A seemingly different approach would be a bit-by-bit defined-plaintext
attack, since this might (if the rest of the system does not prevent it) succeed
in building up a complete description of a particular enciphering permutation.
Of course, this would mean that the cryptanalyst had that plaintext already
(indeed, was generating the plaintext), so the attack would be on the
pseudo-random sequence. But 2^183 different sequences could have created that
permutation (and those sequences are distributed among 2^913 possible
sequences), so there would seem to be no way for a cryptanalyst to select the
correct one.
THE EFFECTS OF BLOCKING
If all data to be enciphered and deciphered are already in the form of
blocks, then each block is (obviously) already full and can simply be handled as
a unit. But whenever variable amounts of data are to be enciphered as blocks,
the last block is unlikely to be completely filled, and the unused area must
then be filled or padded [21] with extra
data. On average, half a block of padding is required for each message, thus
expanding the ciphertext; this is a motivation for limiting the block size. This
may not be a particularly significant motivation, however, considering the
amount of data which may be easily stored and quickly communicated by computer,
and padding is unnecessary when variable-sized "blocks" are available.

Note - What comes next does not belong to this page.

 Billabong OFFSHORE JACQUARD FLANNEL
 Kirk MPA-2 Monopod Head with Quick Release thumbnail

A more significant complication is that any padding must be in some way
distinguished from the plaintext data, so that it may be removed in deciphering.

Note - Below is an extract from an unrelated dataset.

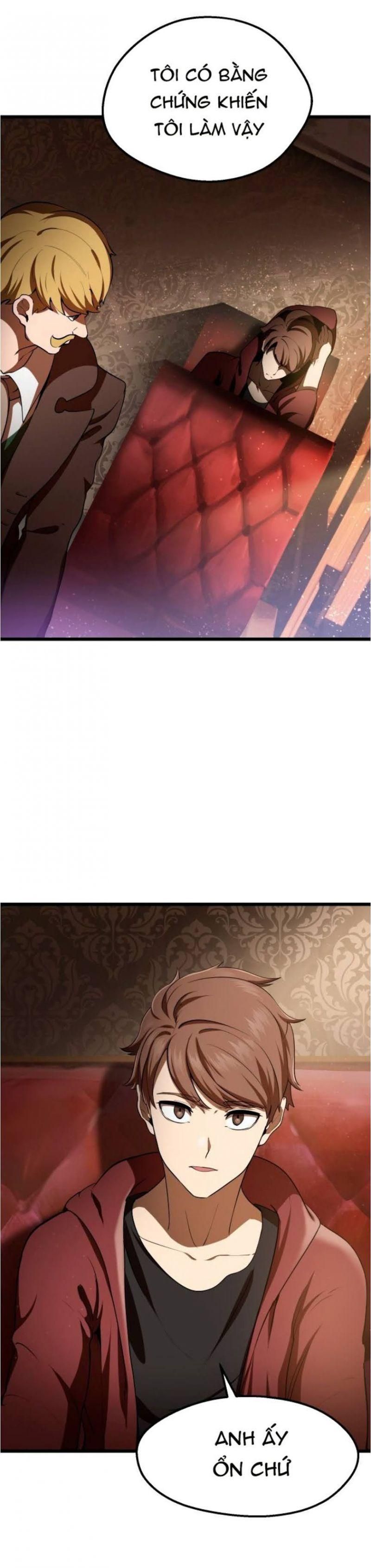 Anh Hùng Mạnh Nhất? Ta Không Làm Lâu Rồi! Chap 72 - Next Chap 73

In general, a particular data value cannot be used as a separator, because
"binary" data (such as computer object code) may be enciphered, and such data
may contain every possible byte value. The conventional solution is to include
some sort of length value along with the padding, which is then removed with the
padding when deciphering.
Another complication of data blocking, at least for dynamic transposition, is
that the block size defines the value range needed on the "random number" input
(as well as the number of values required). Thus, if dynamic transposition is to
accept variable block sizes, the random number range must be able to cover an
arbitrary block size. And even fixed size blocks, if they are large, can demand
a fairly large random number range. For example, a 256 kilobyte block contains
2,097,152 bits, which implies a 21-bit random value to select between them.
Shuffling that block requires 2,097,152 of those 21-bit values (and about 6
megabytes of temporary disk storage to reverse that sequence when deciphering).

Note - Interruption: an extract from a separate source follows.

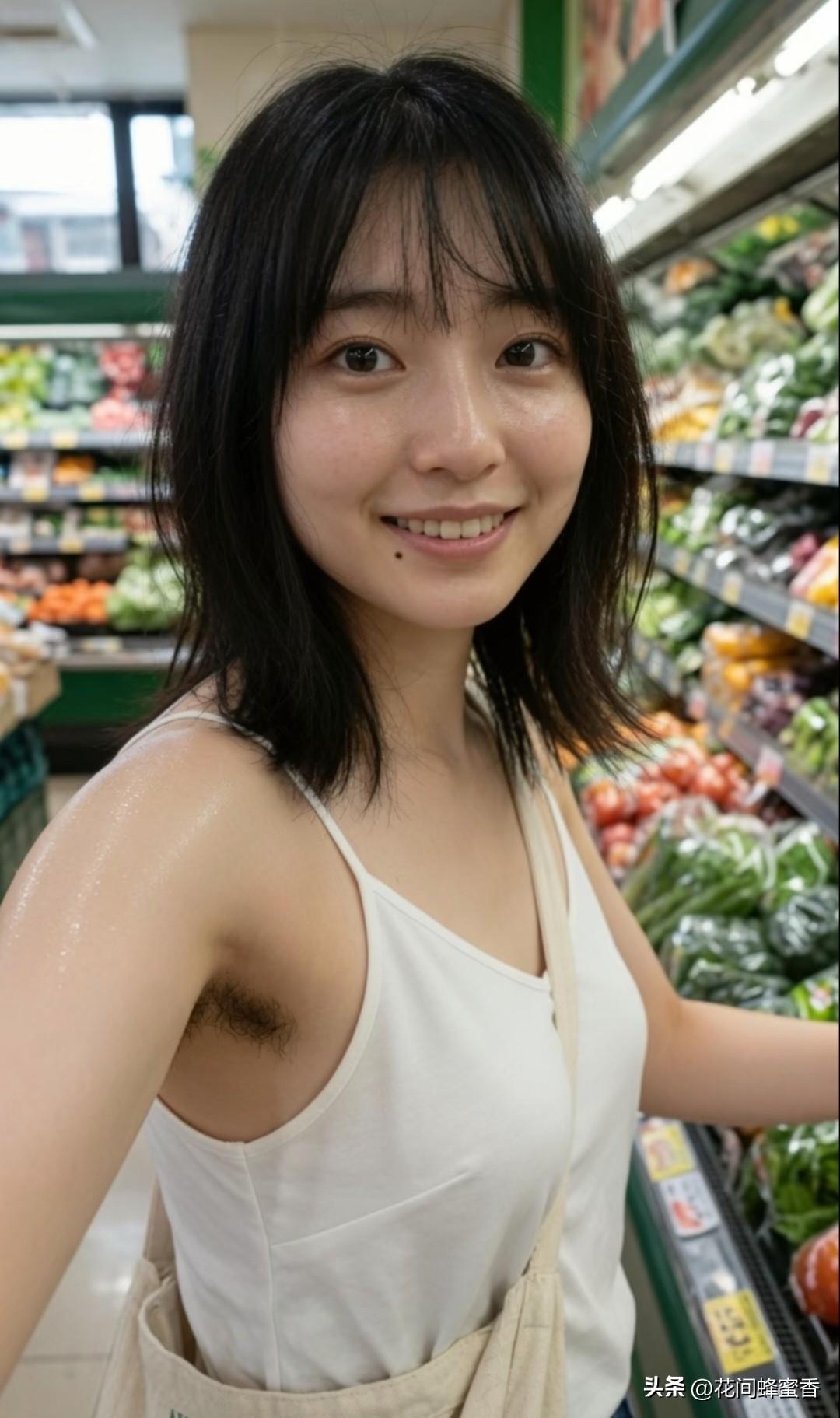 女性的腋毛到底要不要刮?
腋毛刮不刮，本来就没有标准答案，纯属个人选择。它是人体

At first glance, it seems reasonable to pad with random data, since this
should help to obscure the data in the block. This idea can be extended: Instead
of completely filling each block (except the last) with message data, each block
can instead be partially filled with plaintext data and then padded with random
data [22].
Naturally, this causes some ciphertext expansion, but the random data should
help to dilute the remaining bit statistics, and bit statistics seem to be the
only statistics left.
STATISTICALLY-FLAT CIPHERING
But instead of just hoping that the random data will smooth out the bit
statistics, steps can be taken to guarantee this result. In particular, the
number of one-bits and zero-bits in the plaintext data can actually be counted.
Then the message can be extended (or a block filled out) with non-random data so
as to balance the bit distribution exactly. (Of course we might
deliberately vary the bit-balance somewhat from block to block.) After
bit-shuffling the extended message, there seems to be very little statistical
frequency information left: no word statistics, no letter statistics, and no bit
statistics. If some statistical relationship remains which might assist in
entry, it is certainly not clear what that might be.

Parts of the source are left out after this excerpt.